Support for all Momkind™
(and dads too)


  • Prepare to breastfeed before your baby is born. Ask your health care provider for information on breastfeeding and think about setting up a meeting with a lactation specialist who can help coach you.
  • If you can, try breastfeeding your baby within the first hour after being born. This is a great time to establish a breastfeeding pattern. American Academy of Pediatrics says that babies who are nursed within the first hour are more likely to become successful breastfeeders.
  • How much? Generally, breastfeeding about every 2 hours is a good rule. Look out for common signs baby is hungry: looking alert, putting hands near their mouth, sucking motions, whimpering, flexing arms and hands and/or nuzzling against your breast. Crying is a late sign of hunger.
  • Stroke baby’s cheek or lower lip to encourage latching. If you stroke the cheek nearest to your breast, baby will turn toward the breast.

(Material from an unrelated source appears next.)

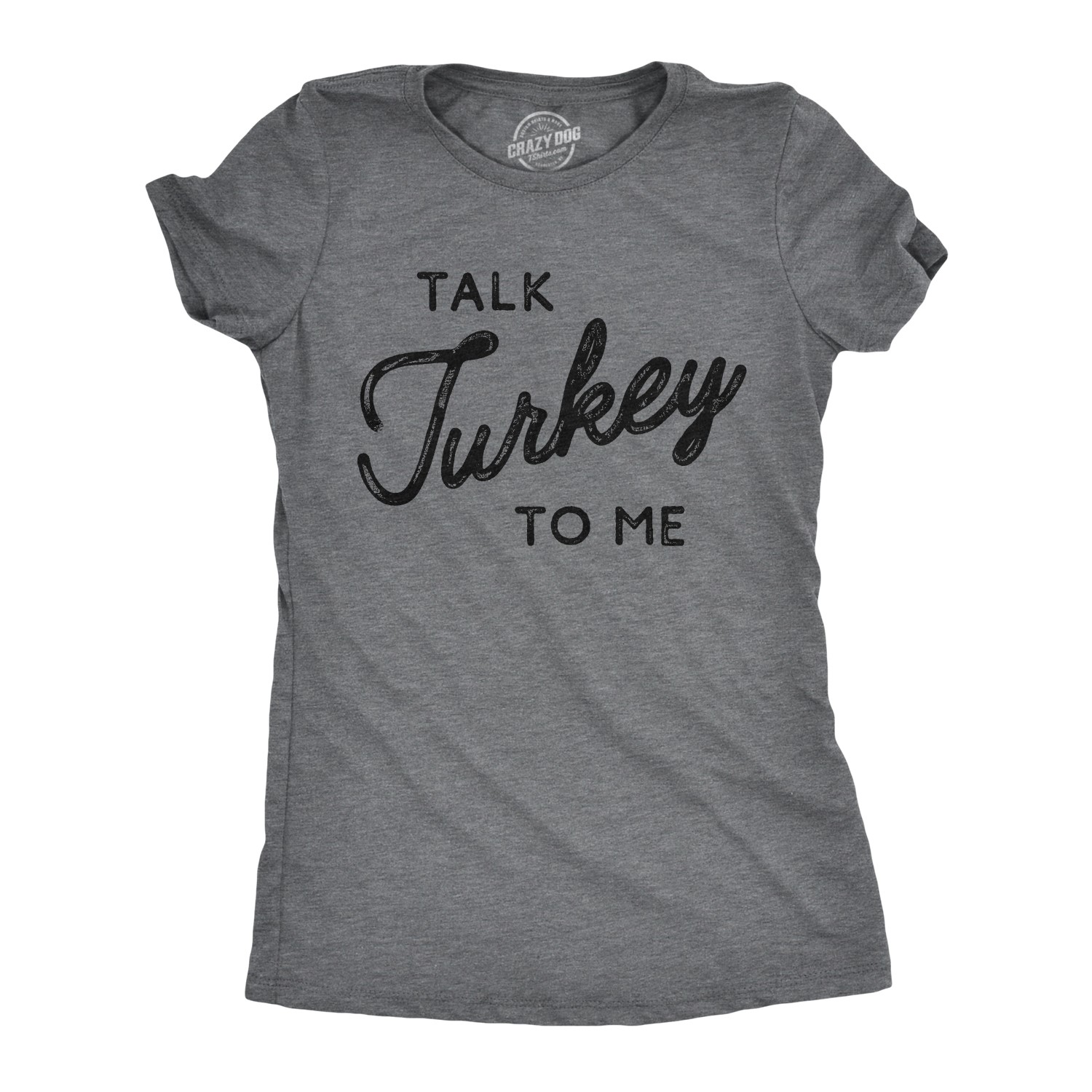 Womens Talk Turkey to Me T Shirt Funny Thanksgiving Dinner Tee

  • Has baby latched? Make sure your areola and nipple are both in baby’s mouth and positioned above tongue, and check that baby’s lower lips haven’t been drawn into baby’s mouth.
  • Get comfy, mama! Find a quiet spot and get into a comfortable position for nursing (hint: try using a Boppy Pillow for ergonomic positioning). Turn on some soothing music and relax with baby.

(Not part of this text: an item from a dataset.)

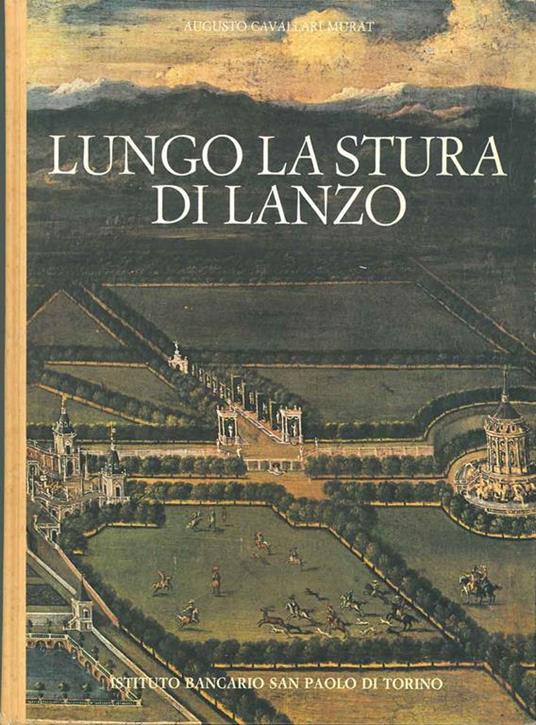 Lungo la Stura di Lanzo - Augusto Cavallari Murat - copertina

  • Let’s try some positions on for size!
  • Cradle – With your baby lying on their side, hold baby across your lap (hint: use a Boppy Pillow to help prop baby up to breast height) so that baby’s head is resting on your forearm. Use the same arm to cradle baby as the breast your feeding from (left breast = left arm cradle). Use your other hand to support your breast with either the “c” hold (thumb on top of breast and 4 fingers under) or the “u” hold (breast supported by thumb and index finger.
  • Cross Cradle – Great position for control! Position baby as you would with cradle but with hands reversed (if feeding with left breast, support baby with right hand). Support left breast with “u” hold in left hand.
  • Clutch aka Football Hold – Great position if you’ve had a cesarean section since it keeps baby away from your incision. Place baby on Boppy Pillow at your side with baby’s bottom near your elbow and baby’s legs and feet tucked under your arm. Support breast with “c” hold.
  • Side-Lying Position – Great position for nighttime feedings. Lie on your side with baby on side facing you. Cradle baby in your arm with baby’s back along your forearm. Position a pillow (hint: use a Boppy Total Body Pillow) for your head and back for comfort.
  • NOTE: all content here should be considered as opinion only. Always seek advice from your doctor or health care provider.

Bottle Feeding

  • Bottle feeding is a great way for baby’s father, as well as other family members, to bond and create special moments. Be sure that each feeding has the same closeness as you would have with nursing.
  • Although nothing truly duplicates breast milk, modern formulas are a good second best.
  • Hold baby’s head at a slightly elevated angle (hint: use a Boppy Pillow to help with ergonomic feedings) and keep the bottle held up so baby doesn’t suck in extra air.
  • Water & Formula: You don’t need to use bottled water in your baby’s formula unless there’s a problem with your water supply. Make sure to check with your health care provider and your local water utility should you have questions.
  • How Much is Enough? Newborns can only hold 1 – 2 teaspoons (5-10 ml) at first; Compare at 2 months, when baby will be eating 24 – 32 ounces a day with an average of 6 – 7 feedings in a 24-hour period.
  • Formula moves more slowly through the digestive tract than breast milk, so expect the time between feedings to be a bit longer (3-4 hours) and the stools to be a bit larger and drier than breastfed babies.
  • Always wash your hands before preparing formula.
  • Make sure to wash and rinse bottles and artificial nipples carefully with hot, clean water (boiling or sterilizing is unnecessary). Don’t forget to clean out any leftover formula, which can spoil easily and upset baby’s stomach.
  • You don’t necessarily have to heat up formula, but if you do hold the bottle under hot water for a few minutes to warm it to room temperature. Never heat formula in the microwave.
  • Formulas are all pretty similar, but stay with one that works well for your baby. Make sure to check with your health care provider before switching formulas.
  • Problems with spit up? Try feeding baby a little less formula more slowly and limit playtime after feeding.
  • Name-brand and generic formulas made in the USA must both meet the same strict FDA guidelines for nutrition and safety.
  • Artificial nipples come in all shapes and sizes. Try out several to find which works best for your baby, making sure the nipple hole is the right size.
  • Regular cow’s milk is not recommended for children younger than 1 year. Stay with breast milk or commercial formula until after that first birthday party!
  • NOTE: all content here should be considered as opinion only. Always seek advice from your doctor or health care provider.